En sus últimos meses, Mao rara vez recibió visitantes. Uno de los últimos extranjeros que lo vio con vida fue el primer ministro de Nueva Zelanda, Robert Muldoon, el 30 de abril de 1976. El acta de la conversación proviene de los archivos de Nueva Zelanda, y acaba de ser publicada por primera vez.
Antes de que se le permitiese ver al Presidente, sus anfitriones chinos pidieron a Muldoon que su apretón de manos fuera cuidadoso. De acuerdo con las notas de Muldoon, Mao "fue asistido, casi levantado de su sillón para que se quedará de pie" para dar la mano a la delegación", sentándose de golpe en lo que parecía un colapso".
"Lo que surgió de la boca de Mao" continúan las notas, "eran gruñidos y gemidos ocasionales intentando pronunciar las palabras necesarias. La intérprete / enfermera, inteligente y gentil, descifraba estos ruidos -a veces parecía que miraba a la laringe y los descifraba (presumiblemente en mandarín) a un intérprete masculino que pulía sus palabras en un inglés a menudo coloquial”. Era una escena triste e impactante, y un doloroso recordatorio de las terribles consecuencias cuando los dirigentes no saben dejar su poder político.

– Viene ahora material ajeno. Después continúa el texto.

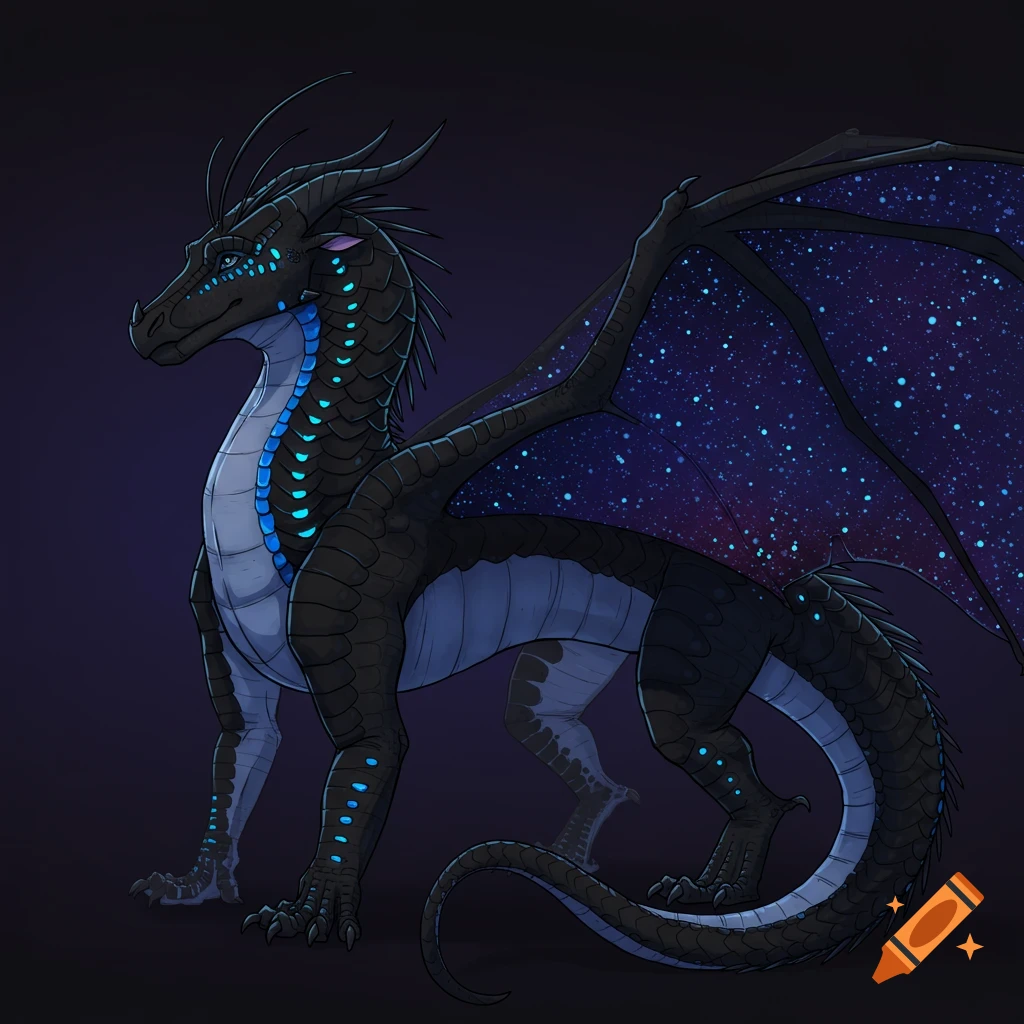 A black dragon with blue glowing scales and starry wings.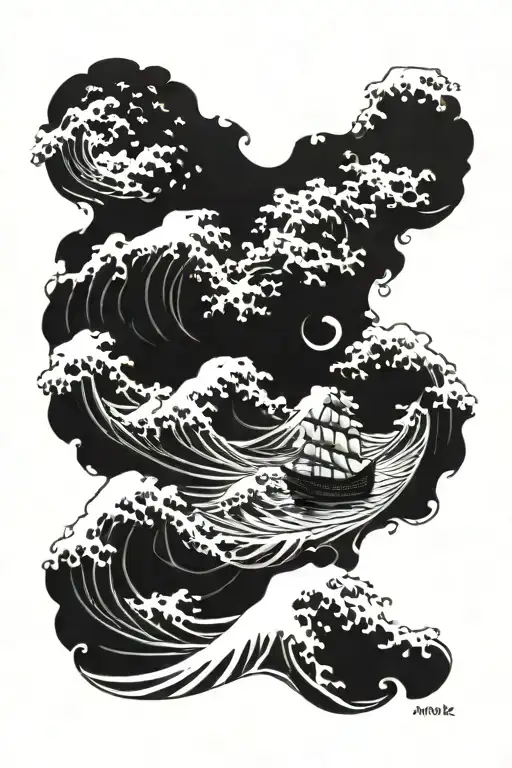 noah's ark in great wave crashing waves tattoo design idea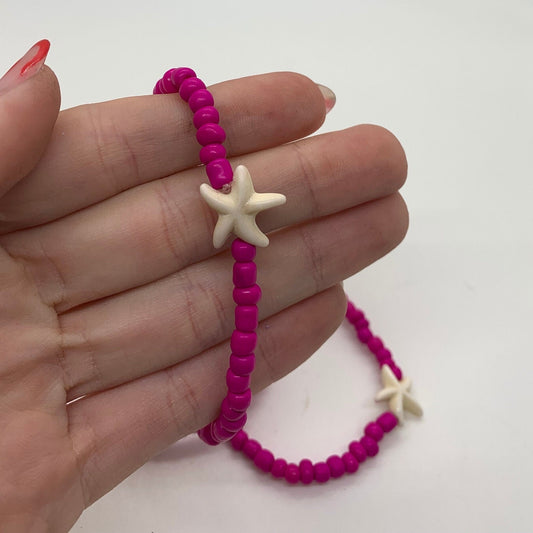 Bright Starfish Bracelet | Pink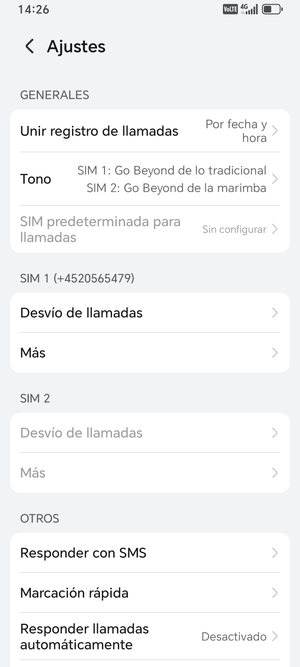 Desplácese a SIM 1 o SIM 2 y seleccione Más
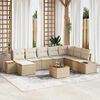 vidaXL Garten-Sofa-Set mit Kissen 9 pcs Beige Poly-Rattan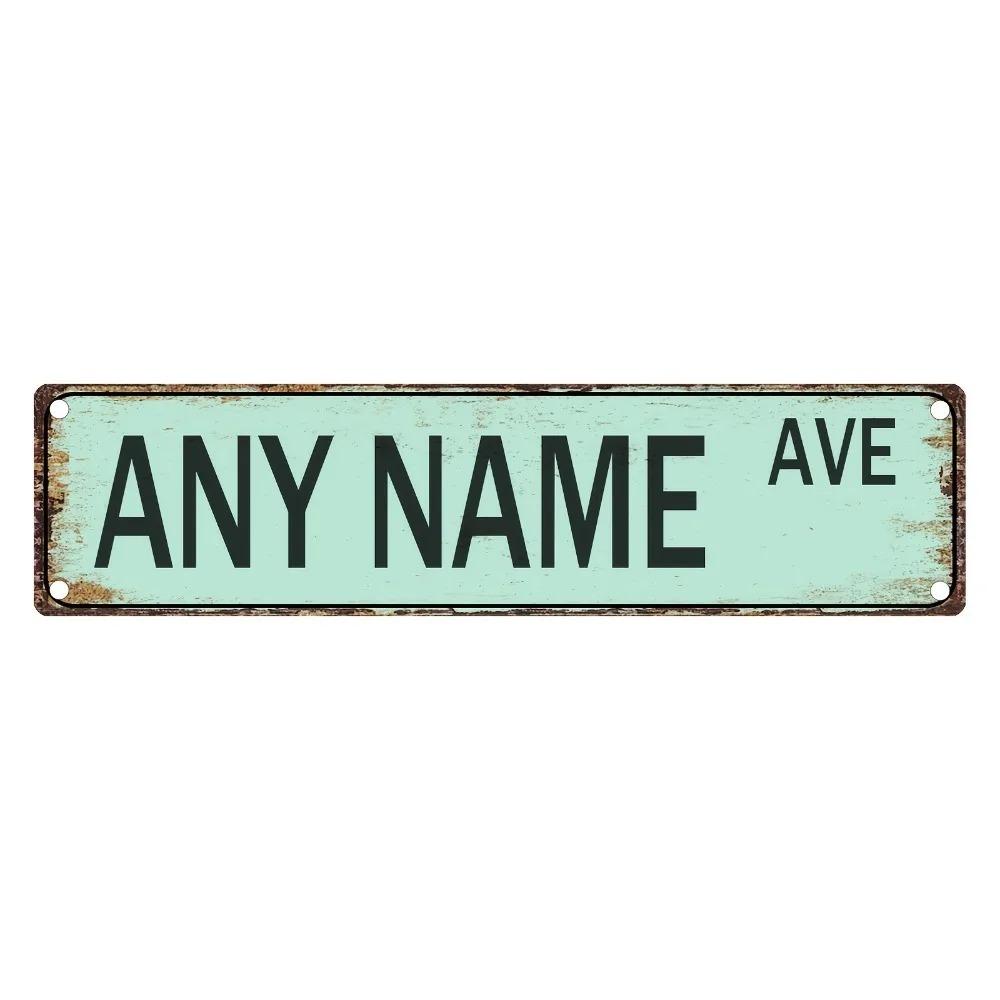 Personalized Retro Street Sign 15.75x3.94in Custom Metal Foil Wall Decor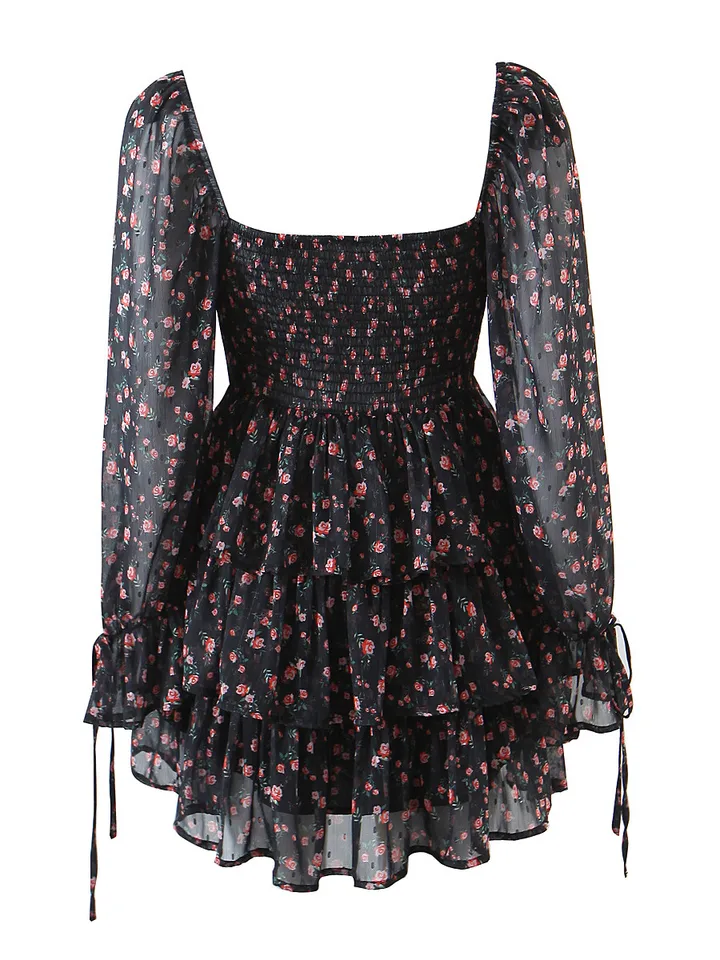 ★RAIVE★ Puff Mini One Piece in Black VW4SO20110 Lulus Women Black Large Vibing in Venice Ruffled Puff Sleeve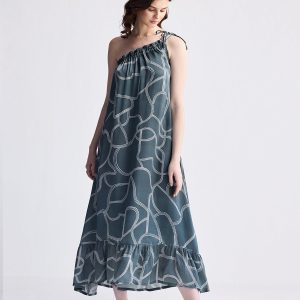 Ein-Schulter-Midikleid mit abstrakten Streifen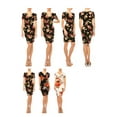thumbnail image 6 of Moa Collection Women's Floral Sheath Dress with Deep V-Neckline and Puff Sleeves, 6 of 6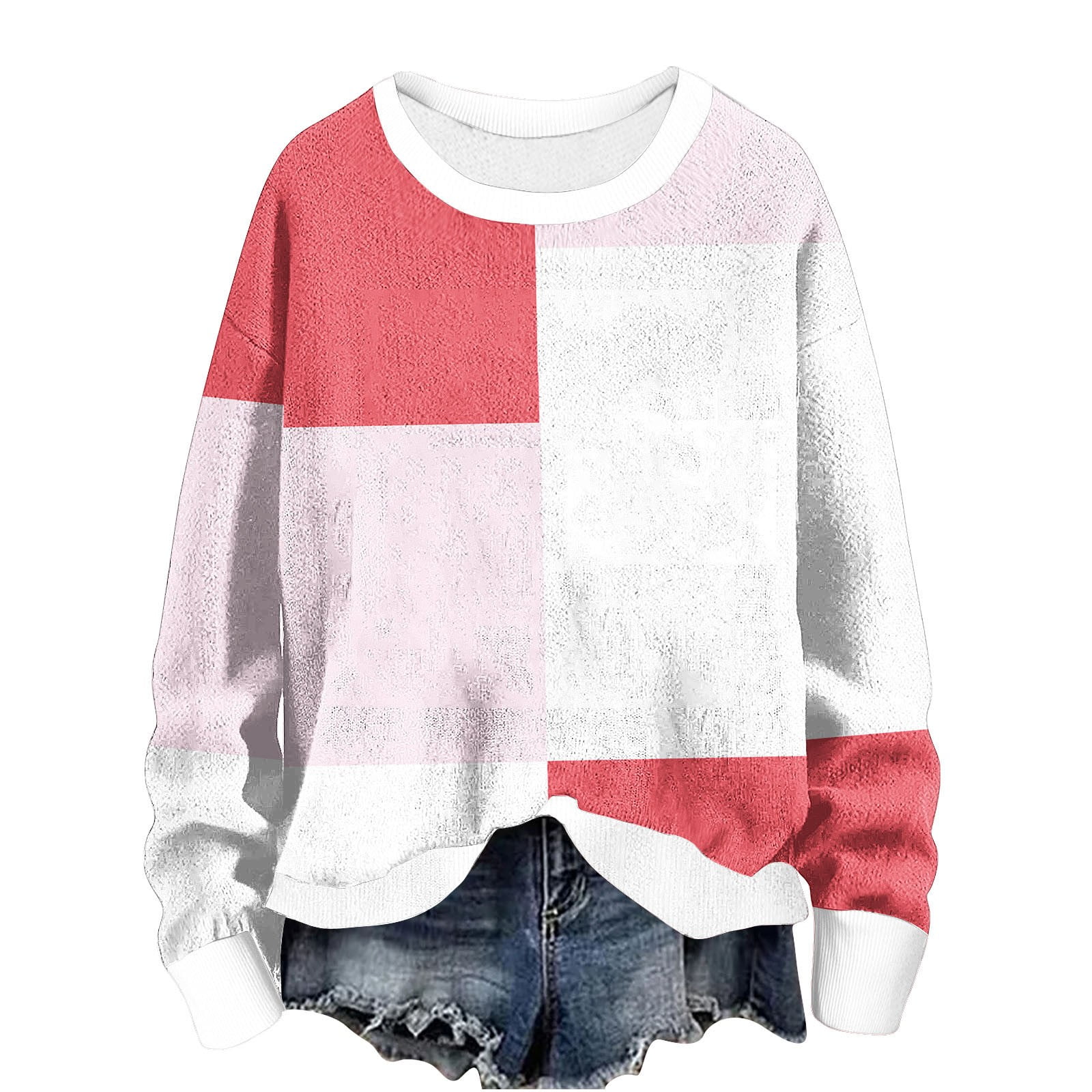 Clearance!Pullover Hoodless Sweatshirts Sweater Tops Clearance!Pullover Hoodless Sweatshirts Sweater Tops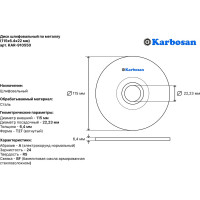 Диск шлифовальный по металлу (115х6.4х22 мм) Karbosan KAR-910550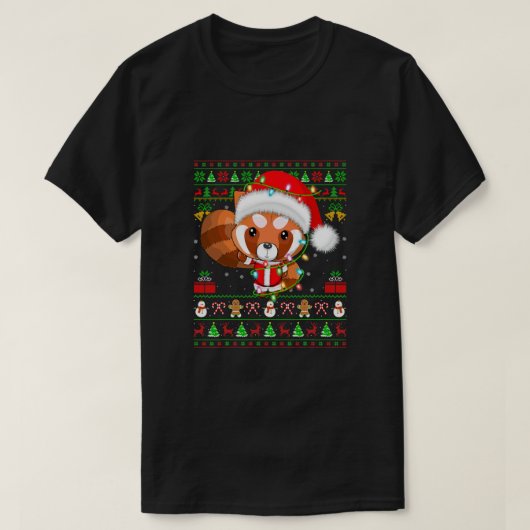 レッドパンダラバークリスマスマッチサンダージュレッドパンダ Tシャツ (デザイン正面)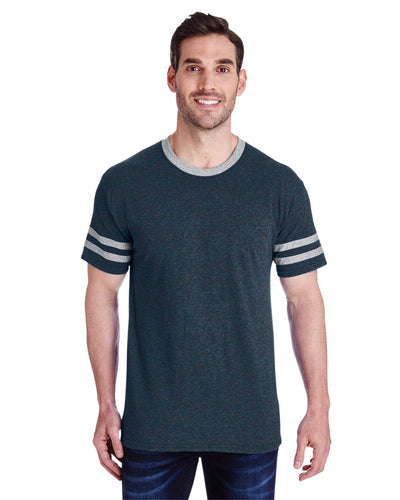 "Sporty and Stylish: Jerzees Adult Tri-Blend Varsity Ringer T-Shirt" - Apparel Globe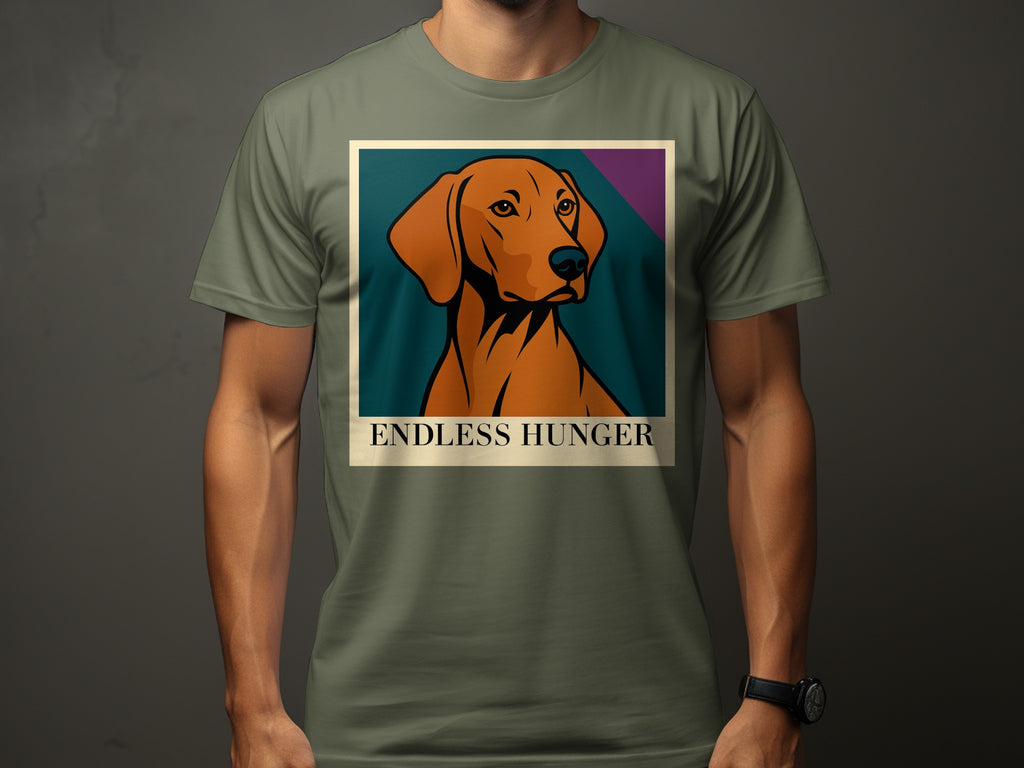 T-shirt with a graphic of a dog's head and the text "ENDLESS HUNGER".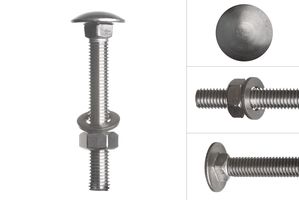 Carriage bolts stainless steel M12 x 90 mm - Per Piece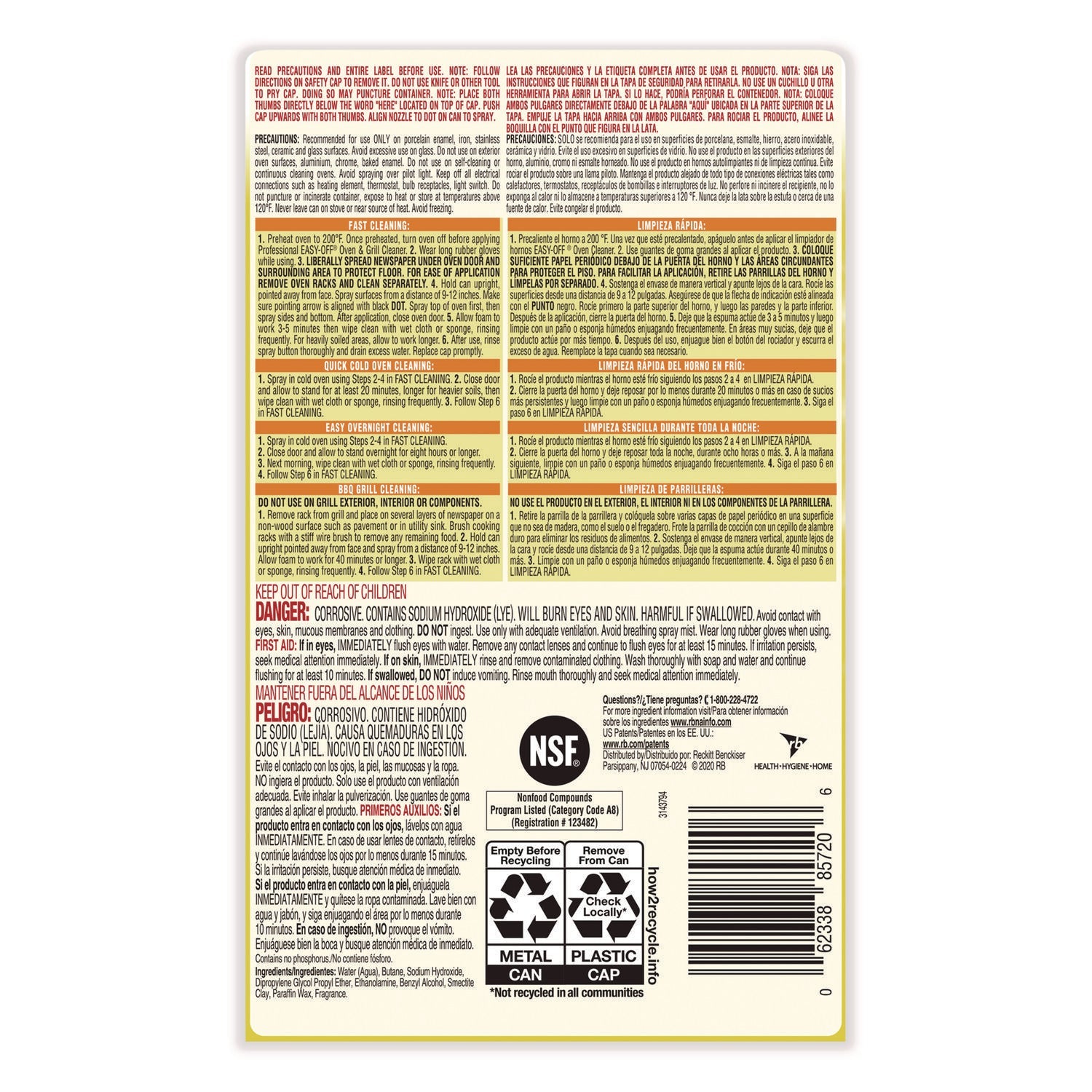 Professional EASY-OFF® Oven And Grill Cleaner, 24 Oz Aerosol, 6/carton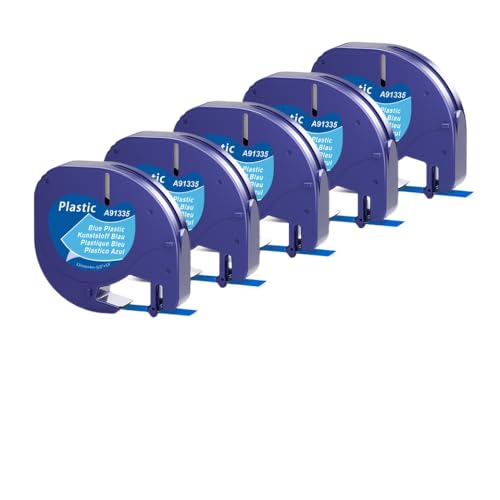VMHPMLGV 12mm 5-20pk kompatibles Etikettenhersteller-Klebeband 4m Kompatibel mit LT100H LT-100T 91200 91201 Multicolor-Kunststoffpapierklebebandarbeiten mit Etikettendruckern(5PK Plastic Blue) von VMHPMLGV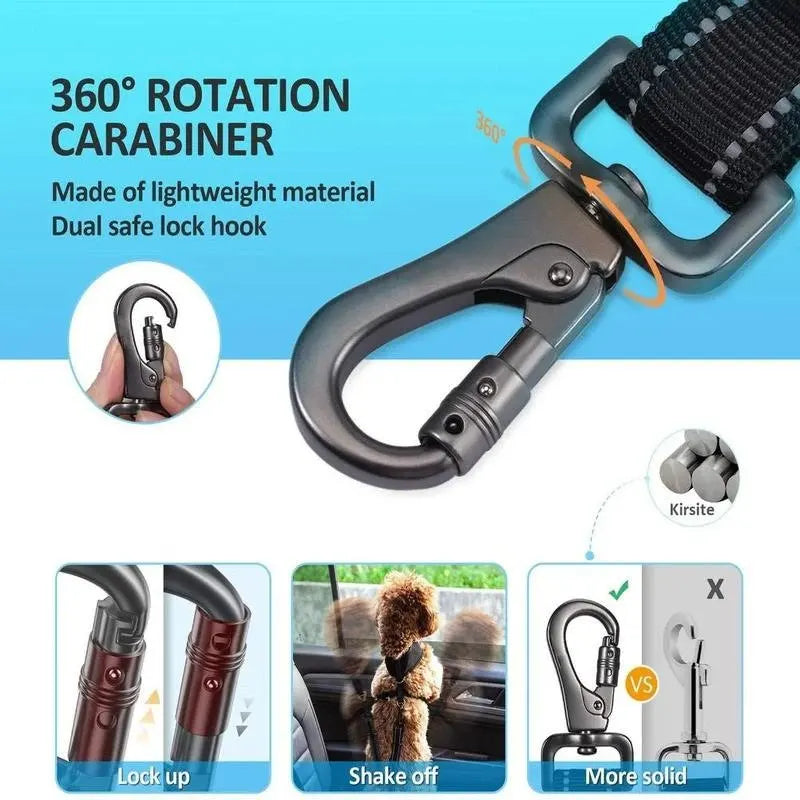 Adjustable Dog Car Seat Belt – Reflective Safety Leash Harness for Small & Large Dogs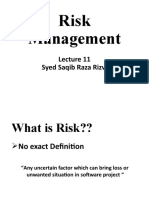 Risk Management: Syed Saqib Raza Rizvi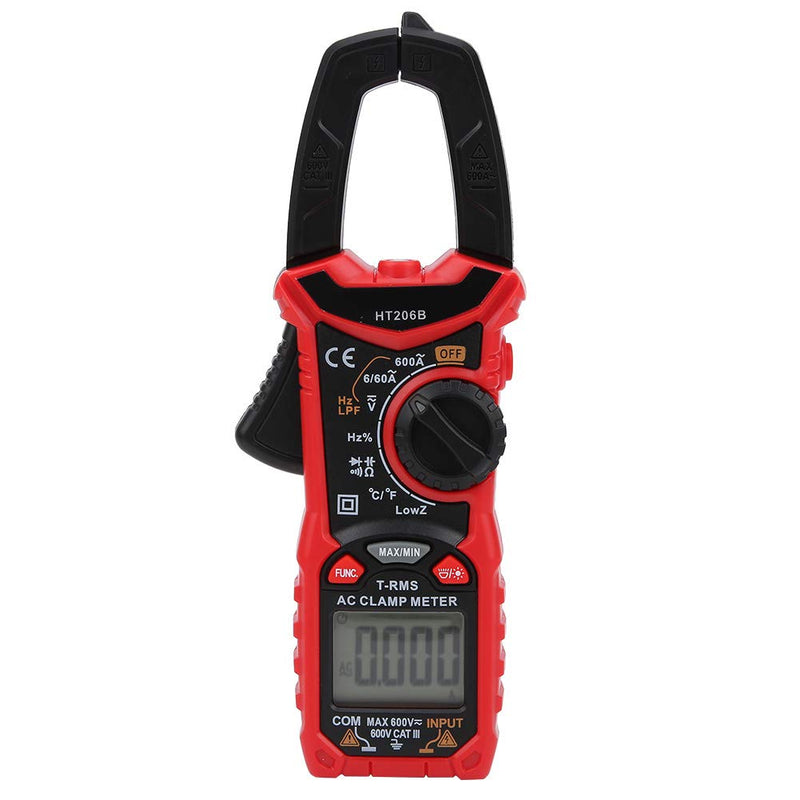 [Australia - AusPower] - Digital Clamp Meter 6000 Multimeter, AC DC Volt Clamp Meter with LCD Display Voltage Current Tester for Home Professional Automotive Industrial Electrical Troubleshooting HT206B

Apenas unos días después de reunirse con Muldoon, Mao sufrió un ataque al corazón, uno más en junio, luego de nuevo otro a principios de septiembre. Murió el 9 de septiembre, a la edad de 82 años.
A Beijing le costó años empezar la desdeificación del líder fundador de la República Popular, para demostrar que era, de hecho, "un hombre, no Dios", como el título en inglés de una biografía de Mao escrita por el ex jefe de los guardaespaldas del líder.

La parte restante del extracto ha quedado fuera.